Trailing phrases — appended last

Tokens beginning with WITH, DUE TO, AND, or OR are treated as descriptive trailing phrases and appended after the primary term (and any post-qualifiers).

parse_omim_name("EPILEPSY, PROGRESSIVE MYOCLONIC, 4, WITH OR WITHOUT RENAL FAILURE; EPM4")
#> # A tibble: 1 × 2
#>   name                                                           abbreviation
#>   <chr>                                                          <chr>       
#> 1 progressive myoclonic epilepsy 4 with or without renal failure EPM4

`SUSCEPTIBILITY TO`

The token SUSCEPTIBILITY TO is always prepended before the entire assembled name.

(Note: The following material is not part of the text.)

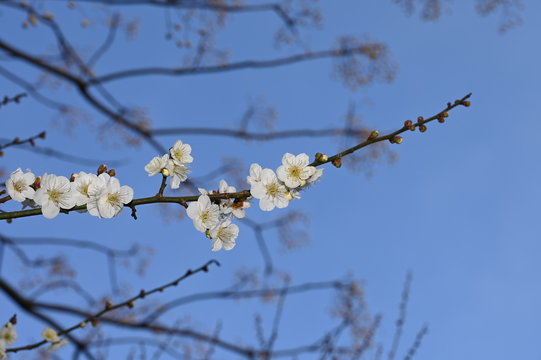 @lum flower at okamoto park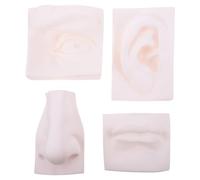 MERRYHAPY Modelo de Órgano Sensorial Decorativo de Plástico Suave Blanco para Dibujo y Pintura Superficie Lisa Adecuado para Pintura y Decoración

parse_omim_name("DIABETES MELLITUS, SUSCEPTIBILITY TO")
#> # A tibble: 1 × 2
#>   name                                abbreviation
#>   <chr>                               <chr>       
#> 1 susceptibility to diabetes mellitus NA

When rearrangement is applied

Rearrangement is only triggered when at least one qualifier matches a forcing pattern:

A pure number or alphanumeric subtype code (e.g. 1, 7A)
A TYPE or MULTIPLE TYPES qualifier
A definitive inheritance term (AUTOSOMAL DOMINANT, X-LINKED, etc.)
A core set of strong adjective/onset qualifiers: BILATERAL, CHILDHOOD-ONSET, CONGENITAL, EARLY-ONSET, FAMILIAL, FOCAL, GENERALIZED, HEREDITARY, HYPOMYELINATING, ISOLATED, JUVENILE, LATE-ONSET, NEONATAL, POSTSYNAPTIC, PRESYNAPTIC, PROGRESSIVE, SUSCEPTIBILITY TO, UNILATERAL, VESTIBULAR

When no forcing pattern is present (e.g. multi-feature descriptor lists), the tokens are kept in original comma order and only lowercased:

# No forcing pattern → no rearrangement
parse_omim_name("SPASTIC TETRAPLEGIA, THIN CORPUS CALLOSUM, AND PROGRESSIVE MICROCEPHALY")
#> # A tibble: 1 × 2
#>   name                                                              abbreviation
#>   <chr>                                                             <chr>       
#> 1 spastic tetraplegia, thin corpus callosum, and progressive micro… NA

To extend the forcing list for edge cases, open an issue or submit a PR editing omim_has_forcing() in R/parse.R.

Capitalization fixes applied automatically

After rearrangement and lowercasing, fix_disease_caps() applies these rules:

Roman numerals following type are uppercased (e.g. type xi → type XI).
Alphanumeric subtype codes are uppercased (e.g. 7a → 7A, 3a → 3A).
Immunoglobulin abbreviations: IgA, IgD, IgE, IgG, IgM, IgY.
Word-level eponym substitutions from the eponyms argument (default: [disease_eponyms]).
Phrase-level regex substitutions from the patterns argument (default: [disease_cap_patterns]), applied longest-first and overriding any conflicting eponym substitutions.

Known limitations

Unrecognized proper nouns remain lowercase. Add missing eponyms to a custom eponyms vector, or submit a PR to extend [disease_eponyms].

Context-sensitive capitalization (e.g. SHORT as an acronym vs short as an adjective) cannot be resolved by word-level eponyms. Use patterns with a phrase-level regex:

parse_omim_name(
    "SHORT SYNDROME; SHORTSYN",
    patterns = c("short syndrome" = "SHORT syndrome")
)
#> # A tibble: 1 × 2
#>   name           abbreviation
#>   <chr>          <chr>       
#> 1 SHORT syndrome SHORTSYN

Context-specific word substitutions (e.g. WITH → associated with) cannot be inferred and require manual post-processing.
Qualifiers outside the forcing list may not trigger rearrangement. The list covers the most common OMIM qualifier types; edge cases exist (submit an issue to extend it).